Input data:

------------------------------------------------

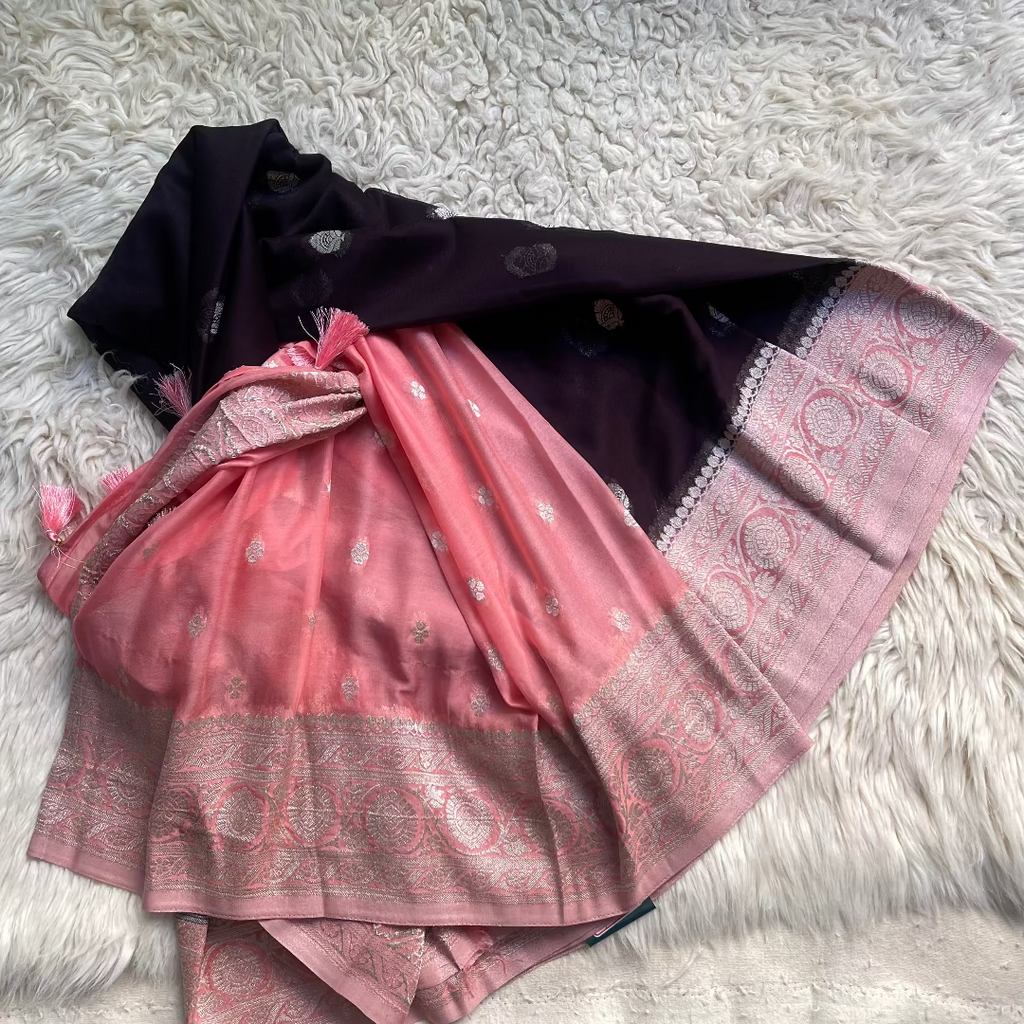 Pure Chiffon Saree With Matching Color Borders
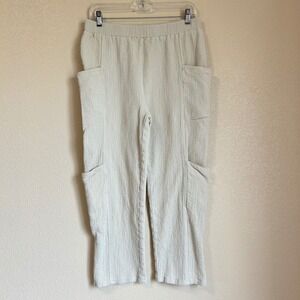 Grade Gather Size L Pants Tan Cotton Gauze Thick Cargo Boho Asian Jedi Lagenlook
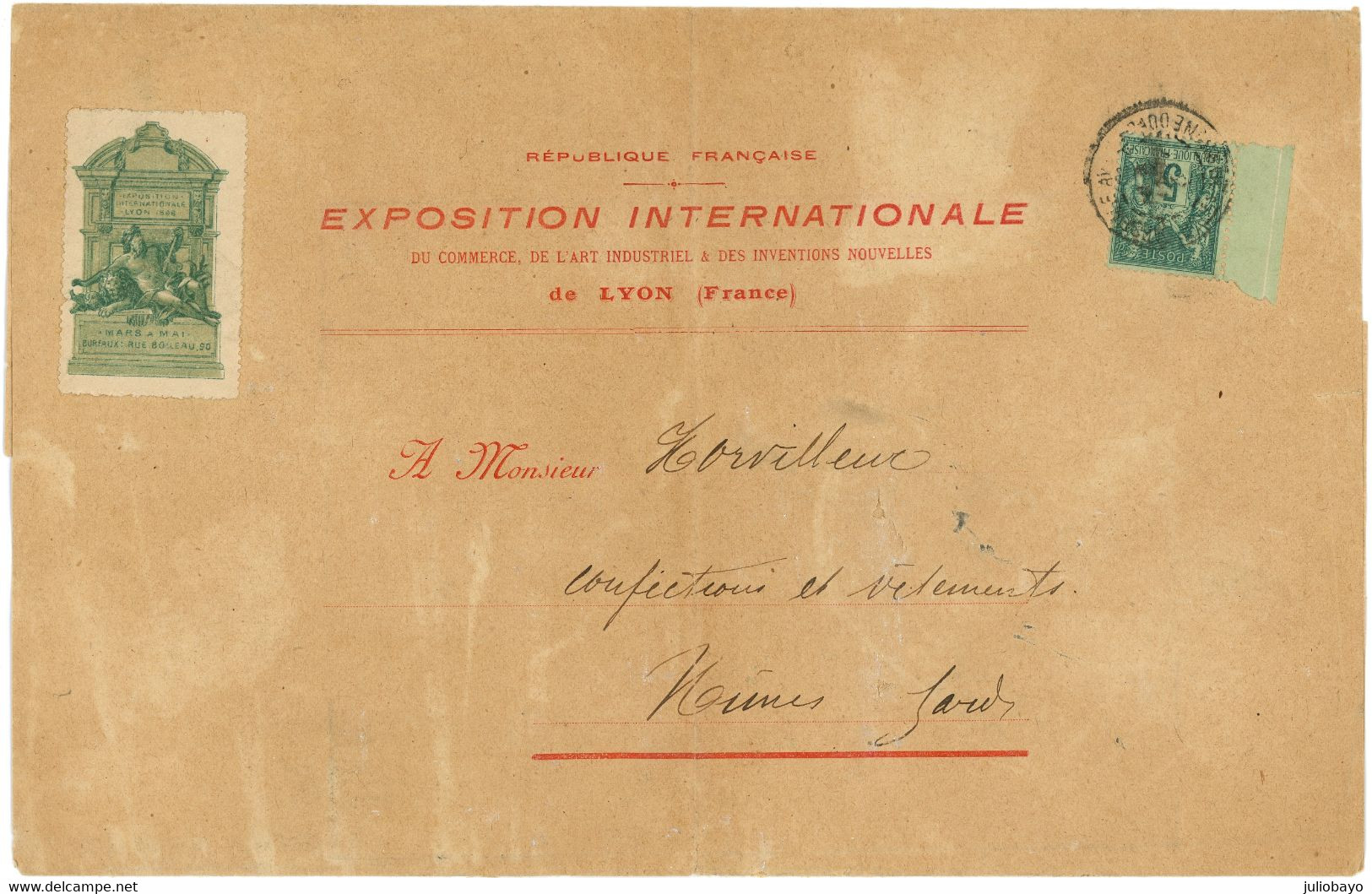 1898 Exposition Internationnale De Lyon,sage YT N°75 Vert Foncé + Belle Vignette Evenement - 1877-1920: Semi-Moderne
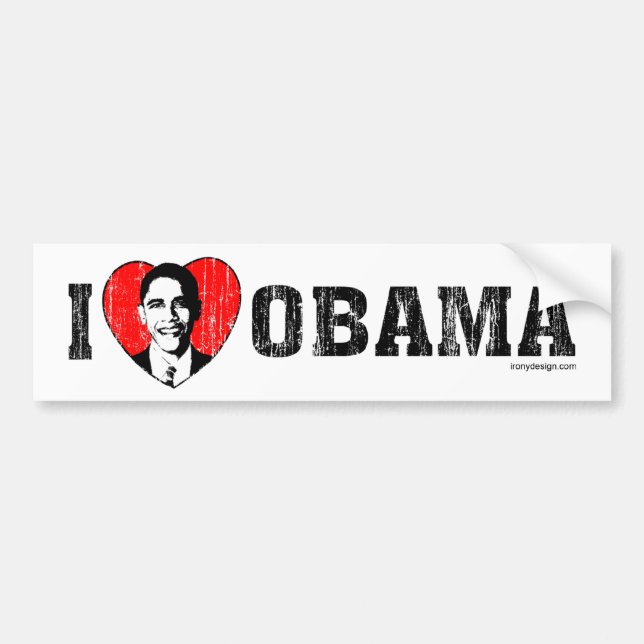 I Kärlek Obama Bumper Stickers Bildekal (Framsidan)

------------------------------------------------

Without changing a word, restate the listing above; the pictures stay out.

Your response:
 Pure Chiffon Saree With Matching Color Borders
 Grade Gather Size L Pants Tan Cotton Gauze Thick Cargo Boho Asian Jedi Lagenlook
 1898 Exposition Internationnale De Lyon,sage YT N°75 Vert Foncé + Belle Vignette Evenement - 1877-1920: Semi-Moderne
 I Kärlek Obama Bumper Stickers Bildekal (Framsidan)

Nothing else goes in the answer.